**WHAT THIS TASK INVOLVES**:
No pictures, nothing altered: return the data below.

(EXCERPTED DATA)

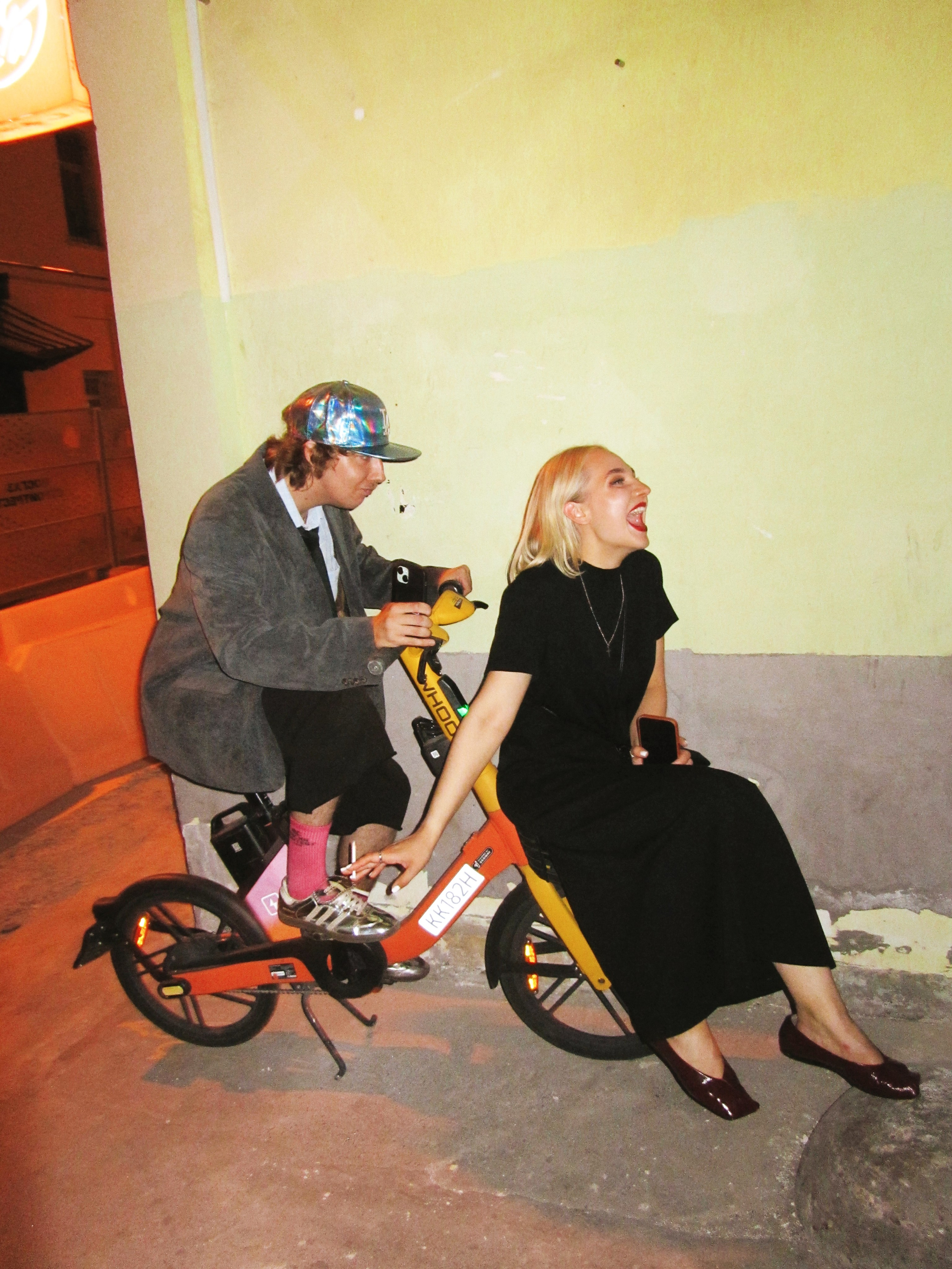 Hanky 3/7 — Японский кинематограф. TENZO | Креативный продюсер / Арт-директор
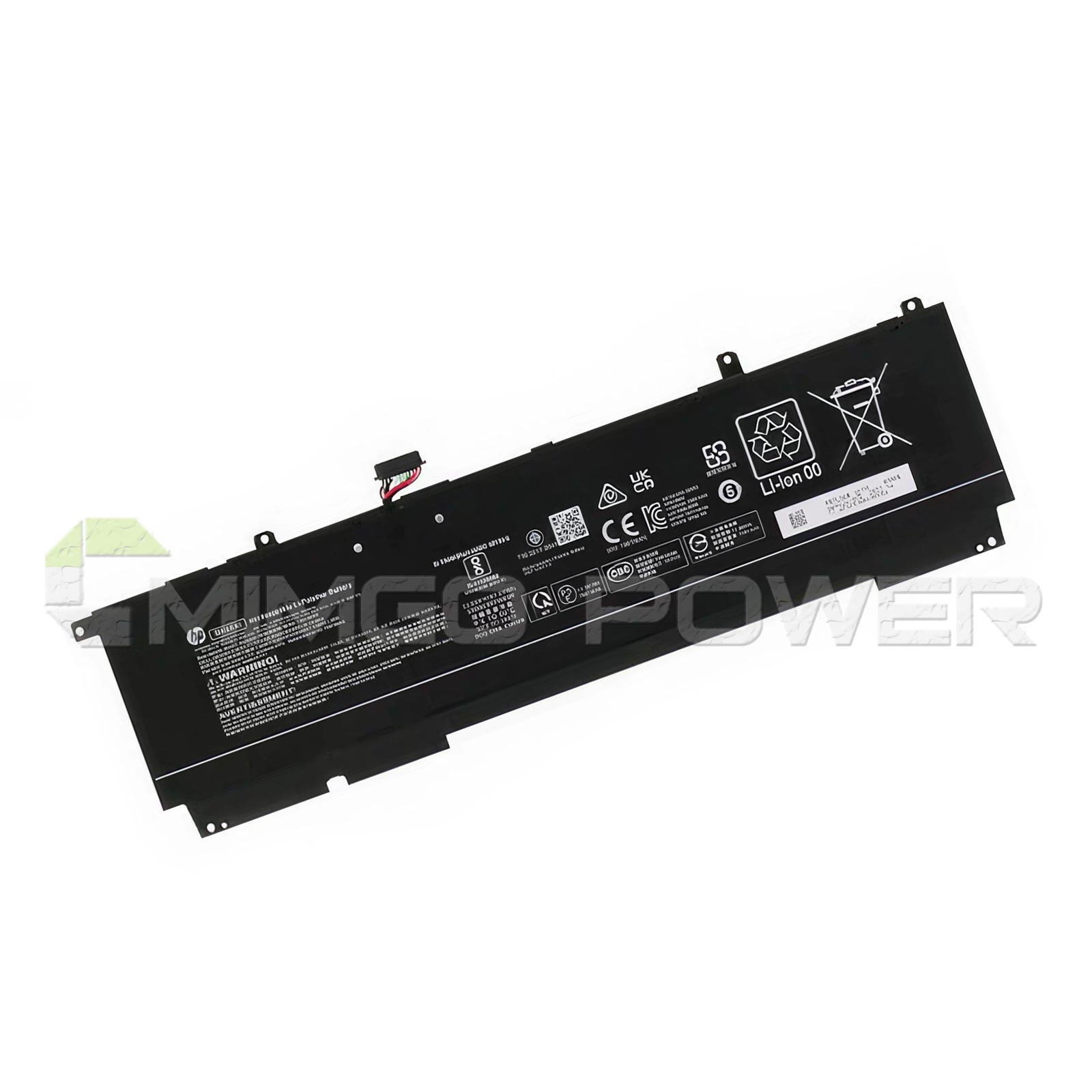New Genuine QK06XL Battery for HP OMEN Transcend 16(u1000) N28647-1C1 N28832-005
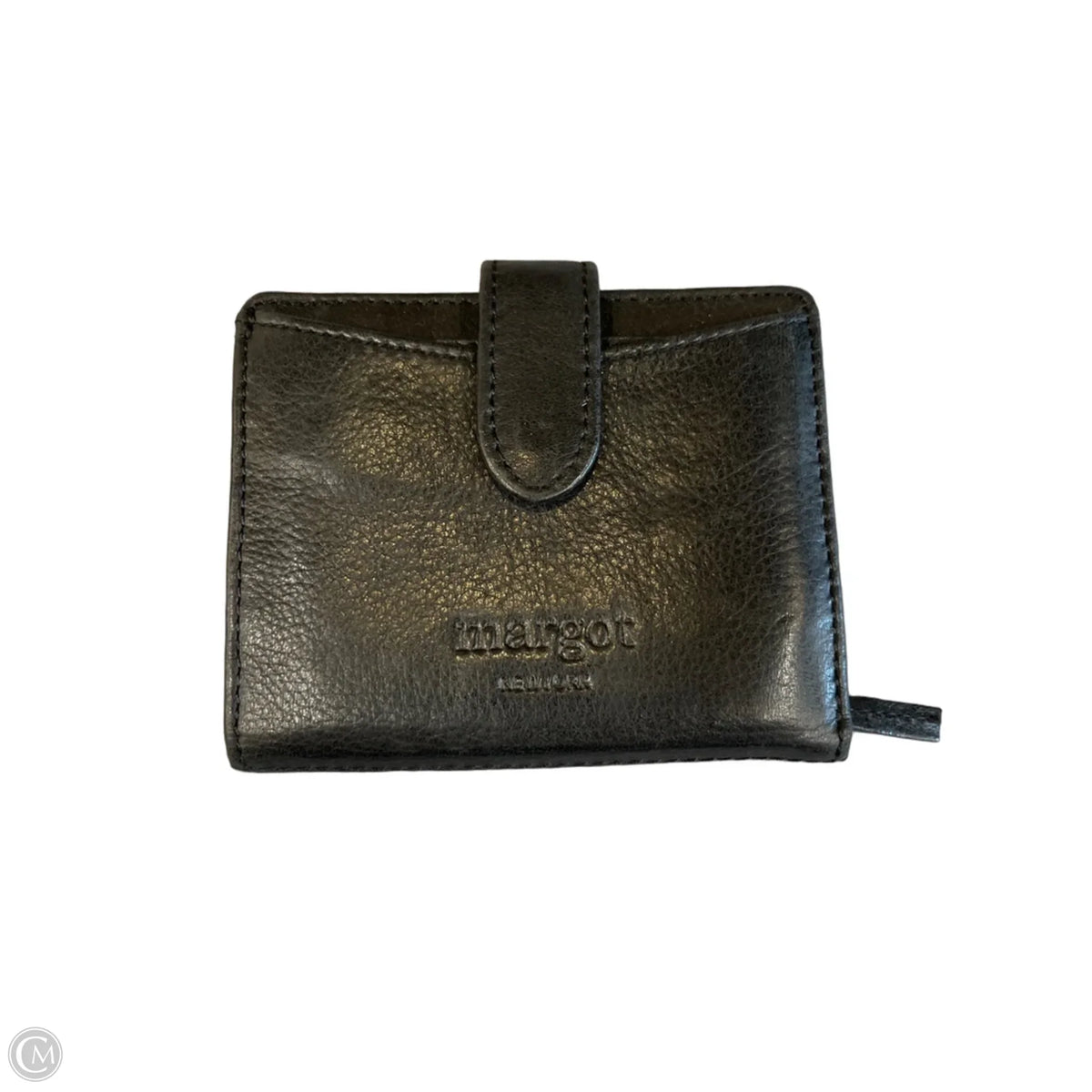 Wallet Leather By Margot, Size: Small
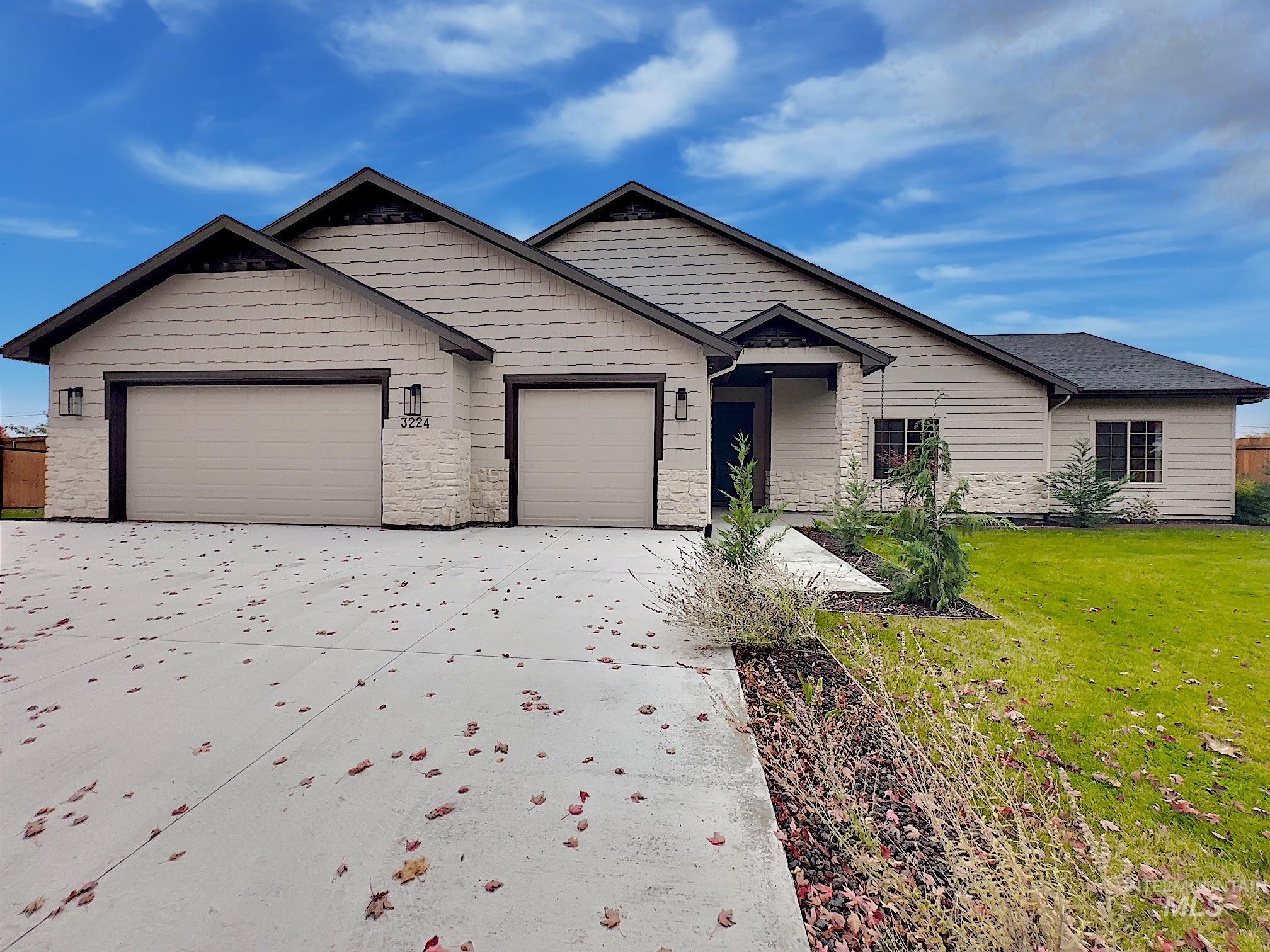 3224 N Curt Drive, Meridian, Idaho image 1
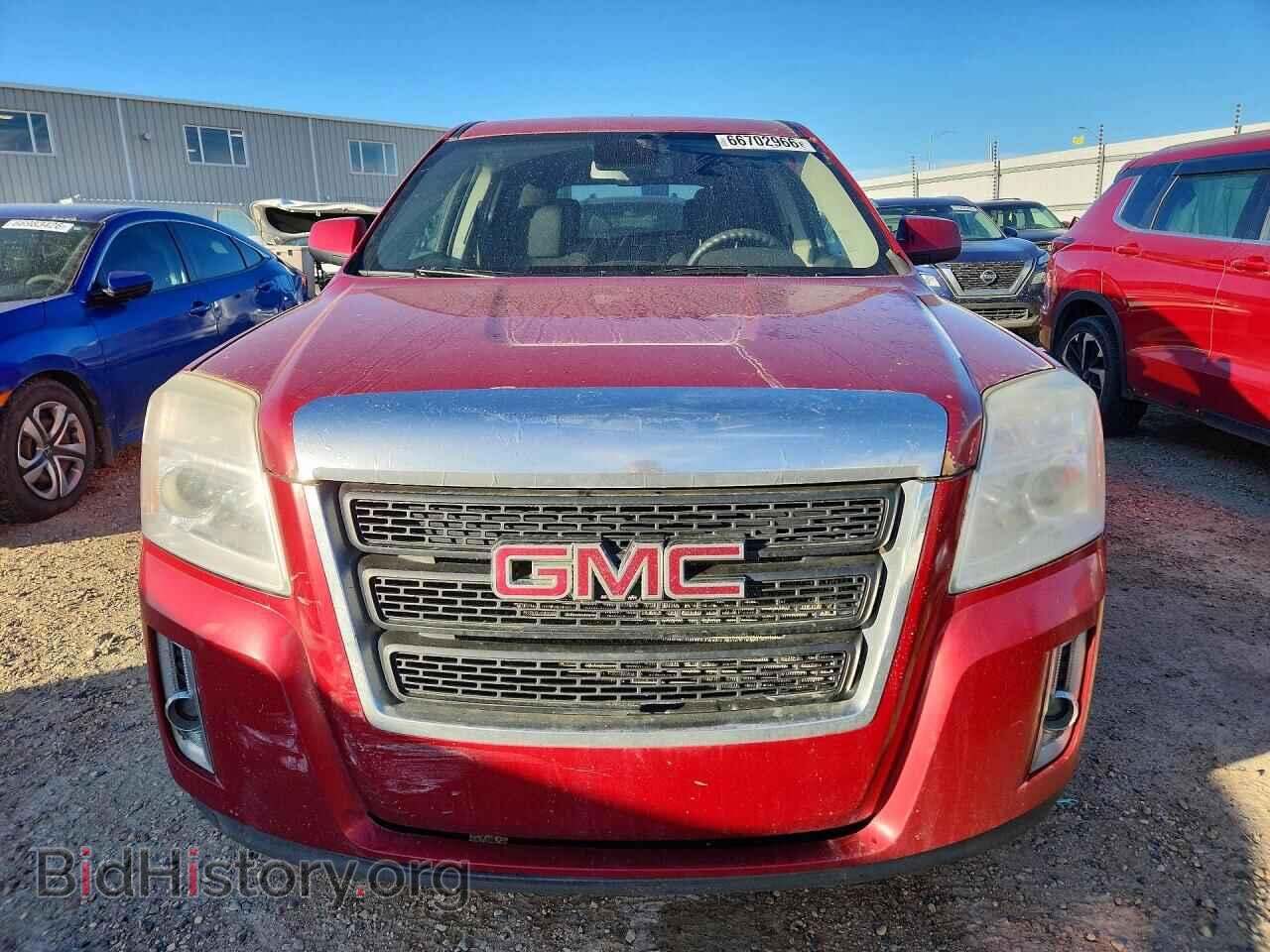 2014 GMC TERRAIN - VIN: 2GKFLVEK2E6126467 - Photo 5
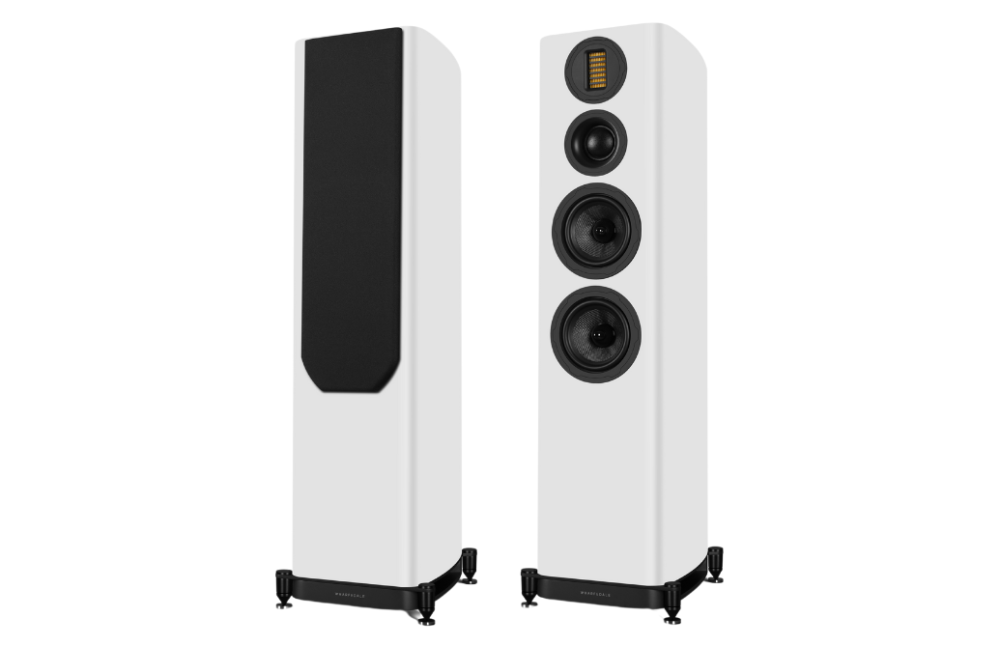 Wharfedale EVO 5.4 3-Way Floorstanding Speakers Pair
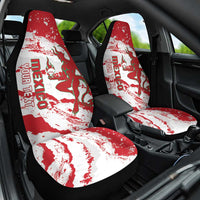 Diablos Rojos 2025 Baseball Custom Car Seat Cover Come On Mexico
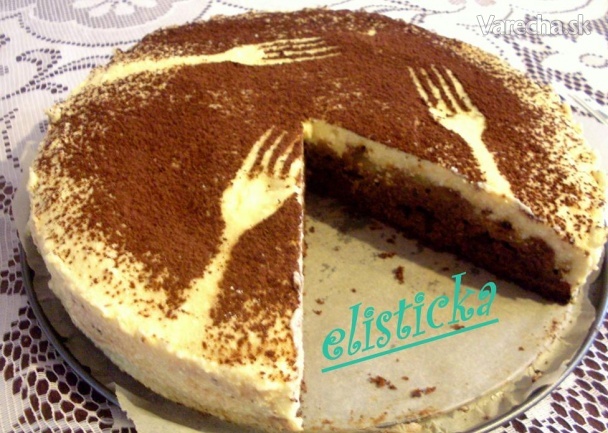Rebarborový koláčik- celiatický (fotorecept)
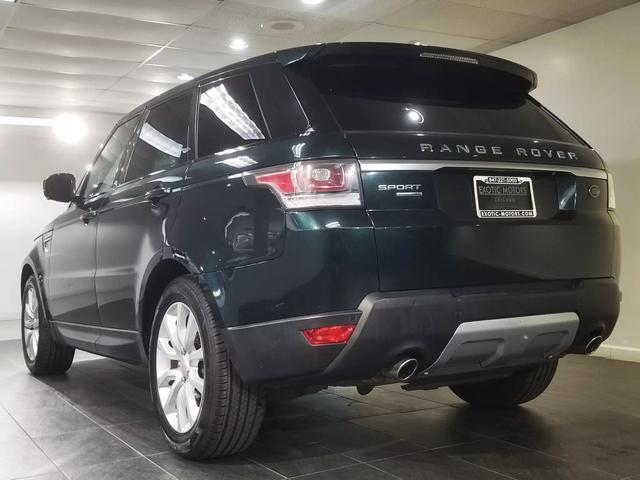 2014 land rover range rover sport supercharged hse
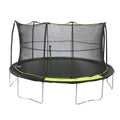 14ft Trampoline and Enclosure X1638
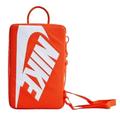 Nike Bags | Nike Stash Shoe Box Bag Unisex Sports Lightweight Zip Travel Bag Da7337-870 | Color: Orange | Size: Os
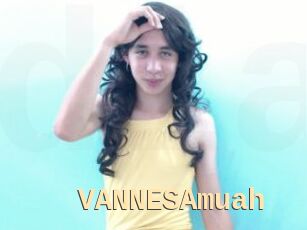 VANNESAmuah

(End EXCERPTED DATA)

**ANSWER TO THE PROBLEM**:
 Hanky 3/7 — Японский кинематограф. TENZO | Креативный продюсер / Арт-директор
New Genuine QK06XL Battery for HP OMEN Transcend 16(u1000) N28647-1C1 N28832-005
 Wallet Leather By Margot, Size: Small
 3224 N Curt Drive, Meridian, Idaho image 1
 2014 GMC TERRAIN - VIN: 2GKFLVEK2E6126467 - Photo 5
 Wharfedale EVO 5.4 3-Way Floorstanding Speakers Pair
 Diablos Rojos 2025 Baseball Custom Car Seat Cover Come On Mexico
Rebarborový koláčik- celiatický (fotorecept)
 2014 land rover range rover sport supercharged hse
 14ft Trampoline and Enclosure X1638
 Nike Bags | Nike Stash Shoe Box Bag Unisex Sports Lightweight Zip Travel Bag Da7337-870 | Color: Orange | Size: Os
 VANNESAmuah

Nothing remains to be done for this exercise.